Kekse cooling in an ice bath

Okay, I’ve relied on pre-fab extract kits for long enough.  Okay, yeah, two batches may not seem like a lot, but when you’re as impatient as I am, and am limited by equipment to one batch at a time (at 3+ weeks per batch), it seems like a long time.  And did I mention I’m impatient?  Strange hobby for an impatient person, but I love it.

So, to the beer.  And with the Christmas season now officially “here,” I figured why not get a holiday brew ready?
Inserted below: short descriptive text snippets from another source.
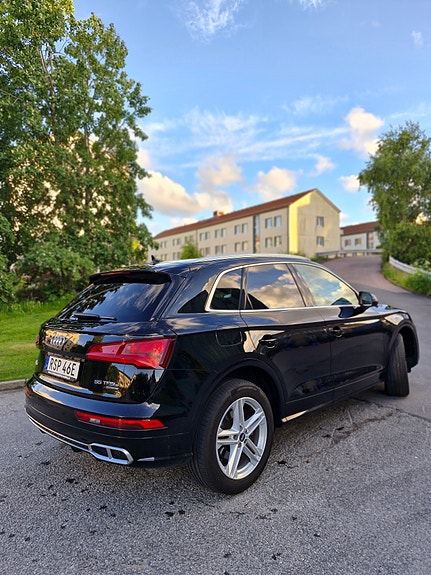 Audi Q5 2 of 5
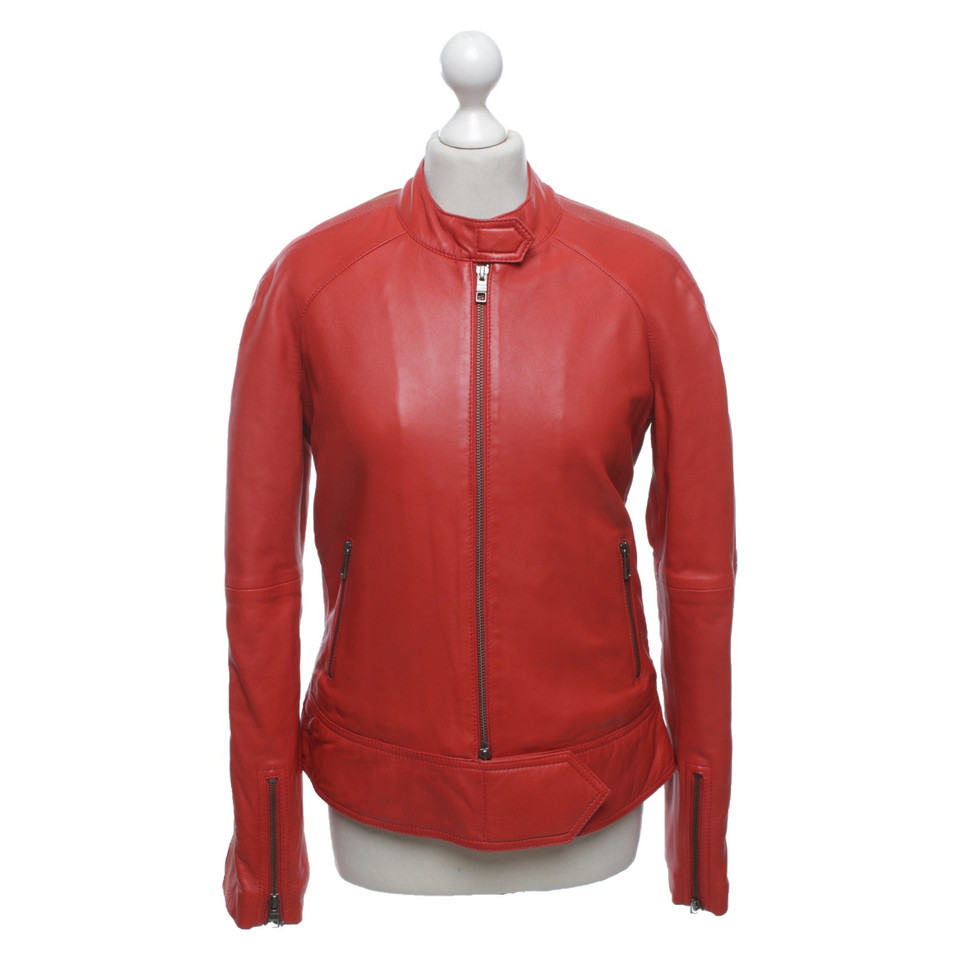 Closed Jacket/Coat Leather in Red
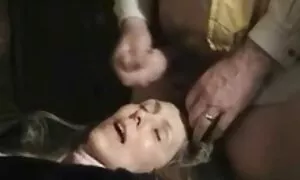 Kembar video lucah nora danish memberikan petani dua hiburan.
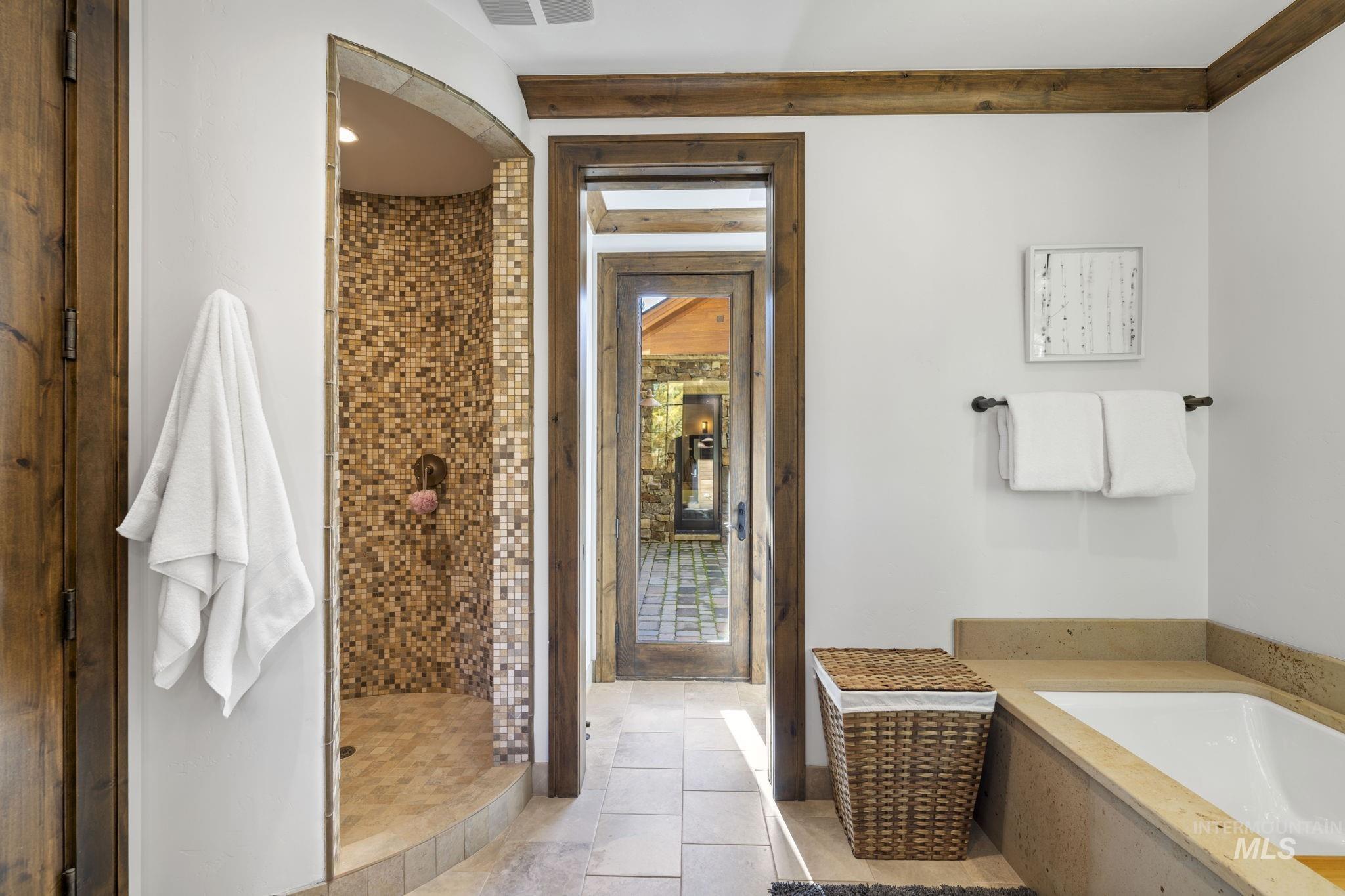 16 Steelhead Court, Donnelly, Idaho 83615, 3 Bedrooms, 3.5 Bathrooms, Residential For Sale, Price $2,225,000, 98966720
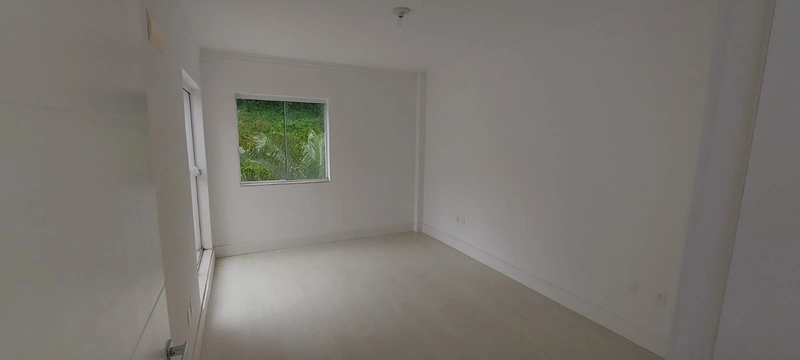 CASA GERMINADA PRAIA DOS AMORES: 25ª foto da galeria de imagens do imóvel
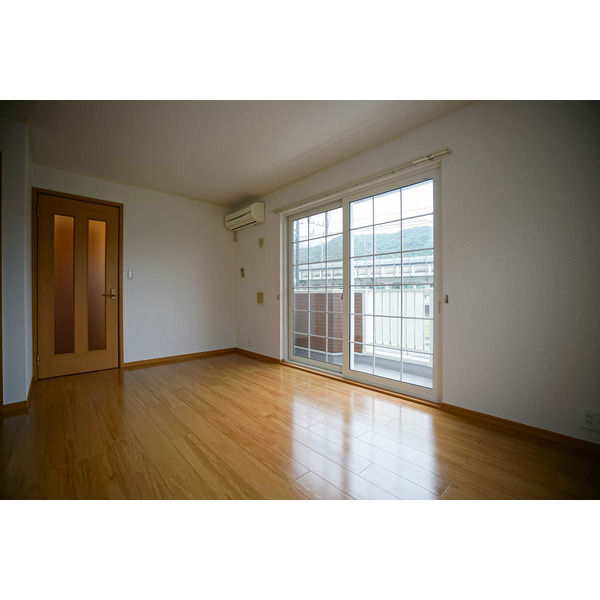 居室・リビング　同じ建物の別なお部屋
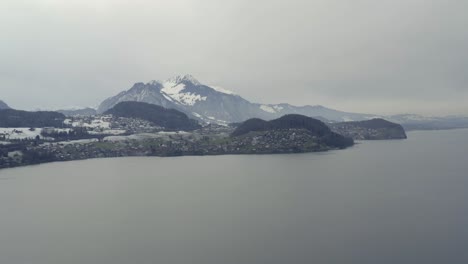 Drohne-Antenne-Des-Thunersees-Thunersee-Im-Winter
I’ll start by saying I got the idea for this recipe from the king of home brewing, John Palmer.  He did a video a while back about doing an oak aged, all-grain, English Mild, and kept talking about how it was going to get a lot of nice cookie notes in the final product.  Well, me being the chubby kid that can’t pass up a good cookie to save his life, I decided to take the idea to the next level, and bring out all the cookie a beer can possibly have.

At least all the cookie a beer can have and not be super-sweet or like drinking an actual cookie.
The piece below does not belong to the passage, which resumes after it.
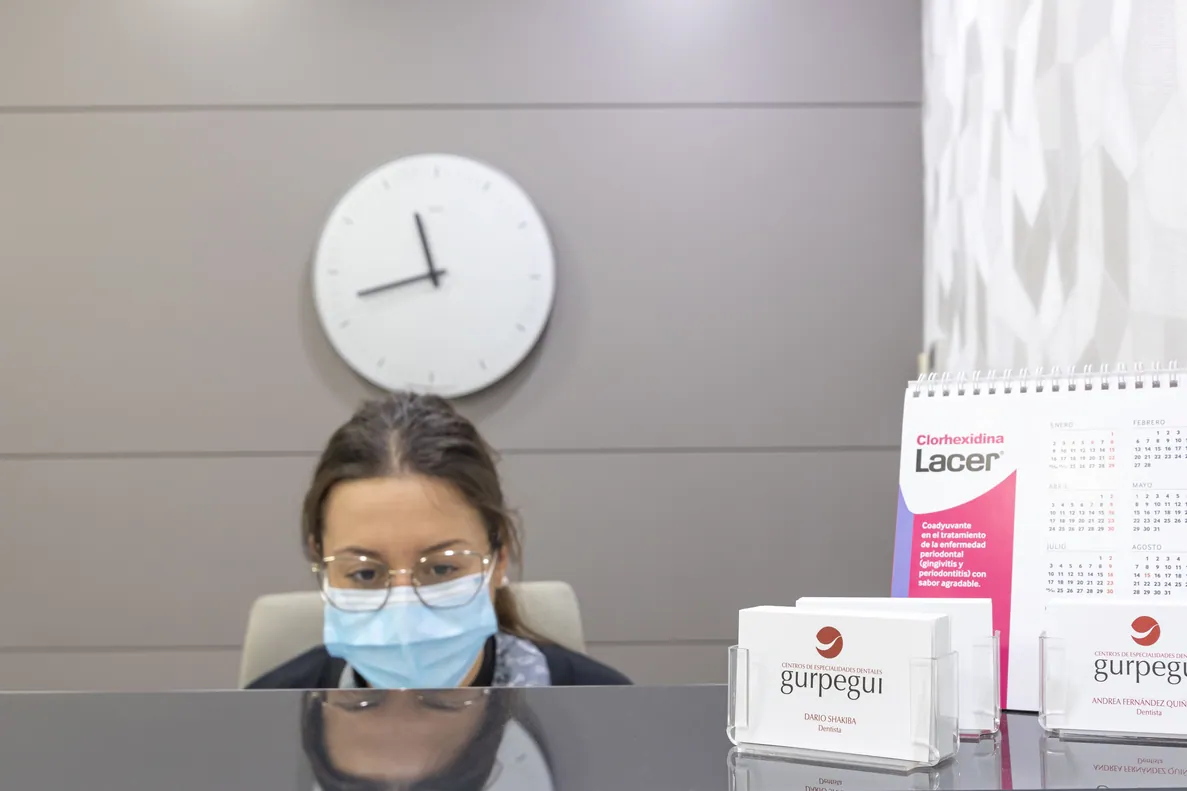 Mostrador de recepción en la clínica dental Gurpegui de San Adrián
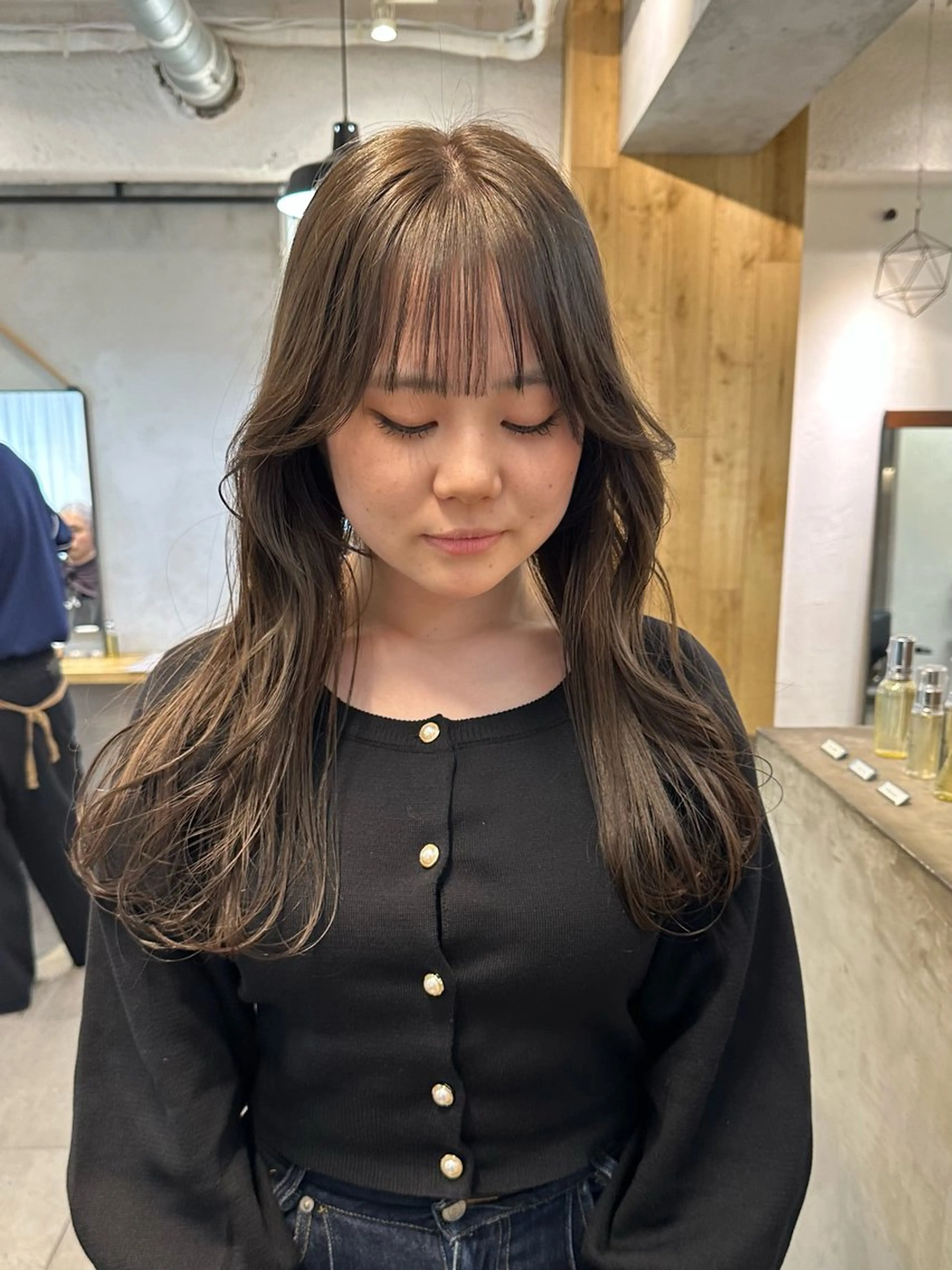 ロング カラー ベージュカラー ブリーチ ブリーチなしカラー オリーブベージュ ヘアカラー トリートメント REINA☁️透明感 カラー/ぷつっと♡のヘアスタイル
As for the name, “Kekse” is the German word for…you guessed it…”cookie.”  And, so you’re not pondering it too hard, it’s pronounced CAKE’-seh.

So here’s the recipe:

Flaked oats and wheat after toasting.

Speciality Grains:

  • 1.0 lbs Weyermann Carawheat
  • 0.5 lbs Belgian Special B
  • 0.5 lbs flaked oats (toasted 30 min at 300˚)
  • 0.5 lbs flaked wheat (toasted 30 min at 300˚)


  • 6 lbs Maris Otter Liquid Malt Extract (at 60 min)


  • 1 oz East Kent Goldings (at 45 min)


  • 1 pkg Wyeast 1388 (Belgian Strong Ale)


  • 1/2 tablet Whirlfloc (at 15 min)
  • 1 stick Mexican cinnamon (at 5 min)

Vitals (according to the EXTRA handy Brewer’s Friend):

Cinnamon (left) vs. Cassia (right)

Before I go too much further, let me explain something so the laypeople out there about cinnamon.  That stuff you’re shaking onto your toast with sugar in the morning?  That’s not cinnamon.  That stick you have steeping and making the house smell incredible in your potpourri crock?  That’s not cinnamon.  That stuff that’s ladled all over your cinnamon roll? That’s not cinnamon.

That’s cassia.

And cassia is often used in these situations for two main reasons.  1. It’s easier to grow (and thus much less expensive) and 2. It’s MUCH more intense that true cinnamon.  I didn’t want intense.  It’s a “mild” beer.  I wanted balance and delicateness.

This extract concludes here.